Pioneering nursing scheme in Havering aims to ‘break down barriers’
PUBLISHED: 12:35 02 December 2016 | UPDATED: 12:35 02 December 2016
Matt Lund (Nelft)
Nurses caring for people with mental health problems can now be trained in both mental and physical health simultaneously in a groundbreaking new scheme.
The North East London NHS Foundation Trust (Nelft), which is responsible for mental health services in Havering, has introduced a new “rotational nurses” programme.
The Recorder met Nelft rotational nurse lead Paul Chesnaye at Nelft’s Goodmayes Hospital headquarters in Barley Lane, Goodmayes, to discuss the innovative new scheme.
“Historically there has been a separation, it’s always been this is mental health and this is physical health and never the twain shall meet,” he said.
“Now, with the NHS’ five-year-forward plan, there’s more of a focus on the integration of services and this seems to be a good way of doing that.”
The trust’s first rotational nurse programme began in September 2013 and saw three registered nurses sign up to be trained across disciplines.
“You get into nursing to care for people,” said rotational nurse Sally Barbrook, one of the three to originally take part.
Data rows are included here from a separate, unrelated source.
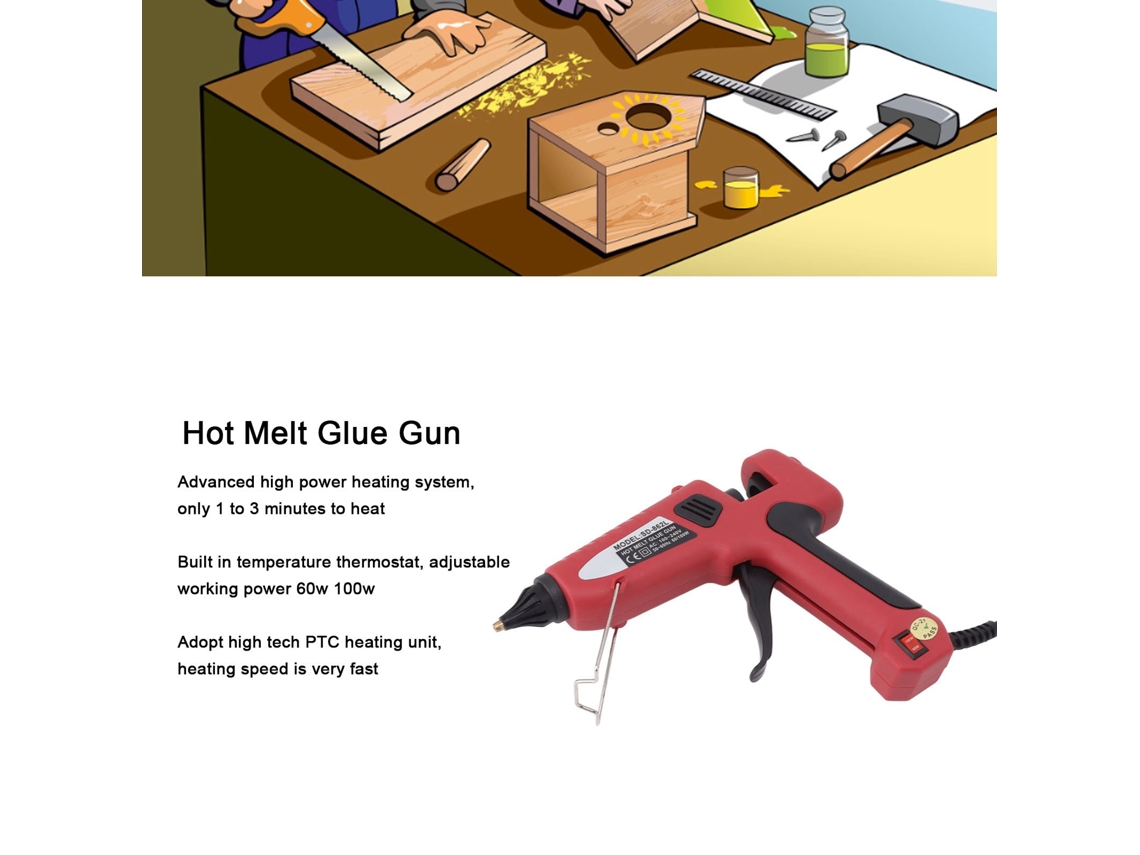 Pistola De Cola Quente (temperatura Ajustável, 60w 100w)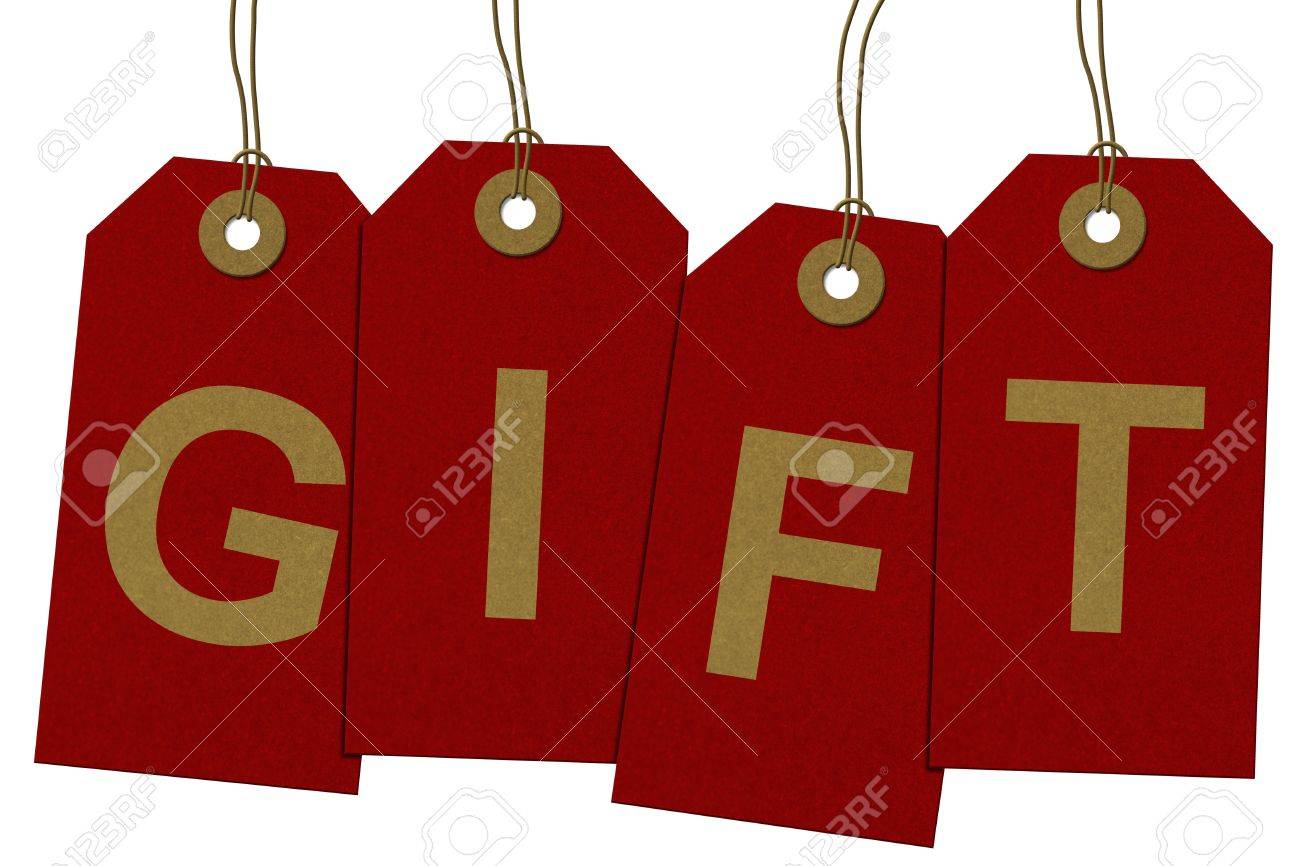 red gift tags with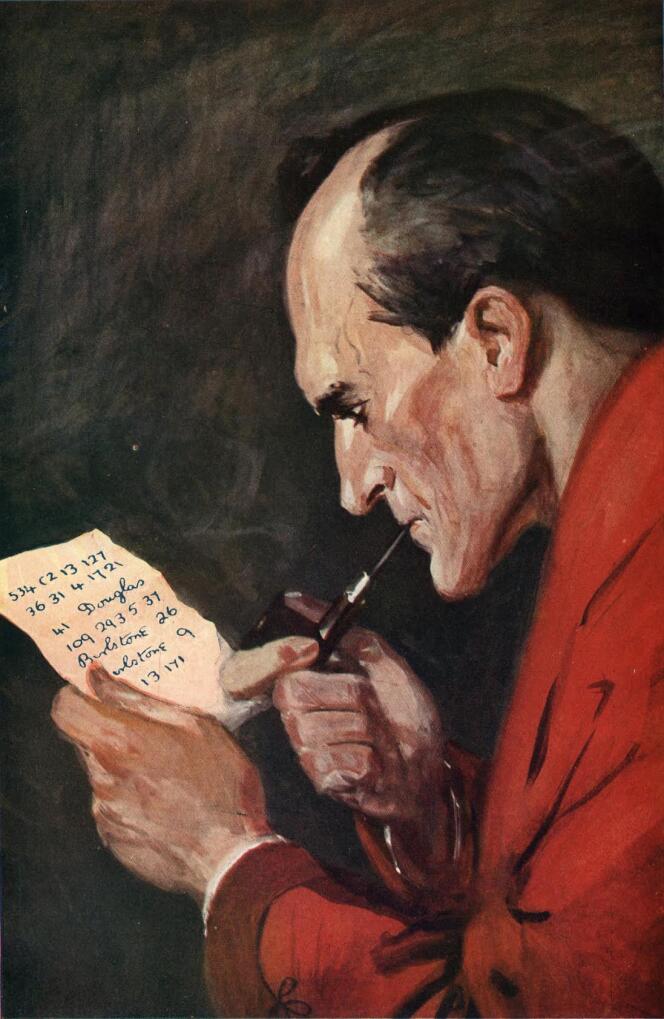 Sherlock Holmes décrypte le message chiffré transmis par Porlock, un de ses agents infiltrés auprès du professeur Moriarty. Illustration de « La Vallée de la peur », roman publié dans « The Strand Magazine »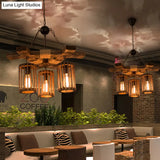 Tseen Kee - Vintage Wood Brown Chandelier Cylinder Pendant Light (3/6-Light)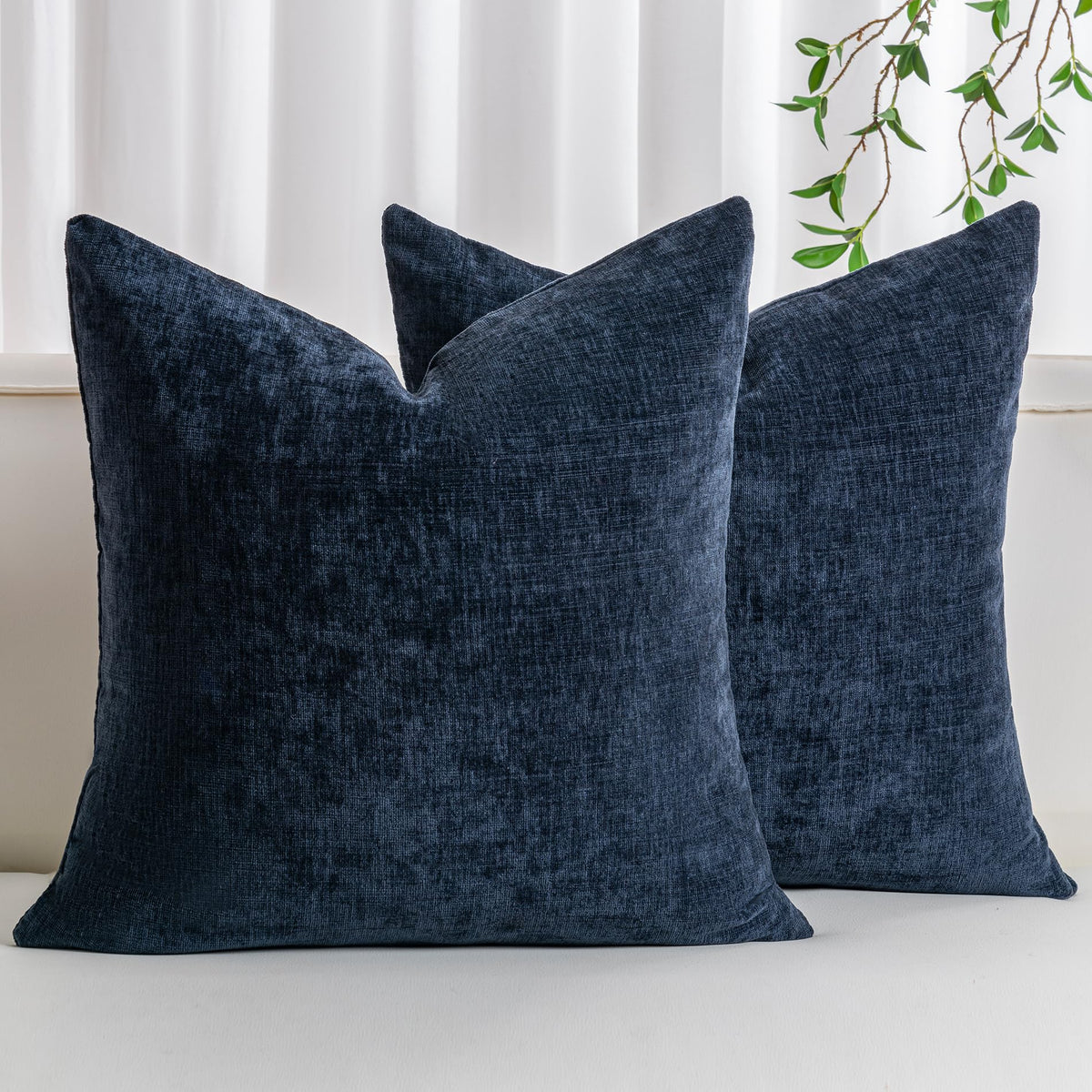 Pack of 2 Chenille Decorative Throw Pillow Covers 18x18 Inch Navy Blue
“And by being made competent in both mental and physical healthcare, you’re able to provide more holistic care for the people who need it.
“We’re trying to break down barriers and hopefully create a more integrated service.”
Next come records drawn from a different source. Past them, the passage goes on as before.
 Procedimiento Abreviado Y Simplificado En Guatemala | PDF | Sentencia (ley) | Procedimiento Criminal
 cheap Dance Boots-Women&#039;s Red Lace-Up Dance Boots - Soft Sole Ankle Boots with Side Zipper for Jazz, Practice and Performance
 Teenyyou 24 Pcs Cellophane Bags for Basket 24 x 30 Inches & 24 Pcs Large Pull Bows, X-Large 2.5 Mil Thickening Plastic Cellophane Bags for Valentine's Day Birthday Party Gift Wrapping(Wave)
The training ensures nurses are made “dual-competent”, meaning they study a mix of mental and physical health and are able to put both sets of skills into practice day-to-day.
Mr Chesnaye said: “An important aspect of the training is it also gives some weight to how the nurse feels.
“It’s not just a supervisor coming down once to watch them do something and then signing it off, the programme is designed so that the nurses have to feel competent themselves before they’re signed off.”
The programme’s second wave of 16 rotational nurses are now in training, with both registered mental health nurses and adult nurses applying.
“It makes sense, because a patient’s mental health and their physical health are linked,” Mr Chesnaye continued.
“If you’re admitted to hospital with a serious illness, that is going to cause anxiety and affect your mental health, and if you’re depressed, you’re going to take less good care of your physical wellbeing.
“We’re trying to improve the patient experience by giving nurses the tools to carry out both mental health and adult health checks at the same time.
“For me, to be involved in something like this, it has been an absolute privilege.”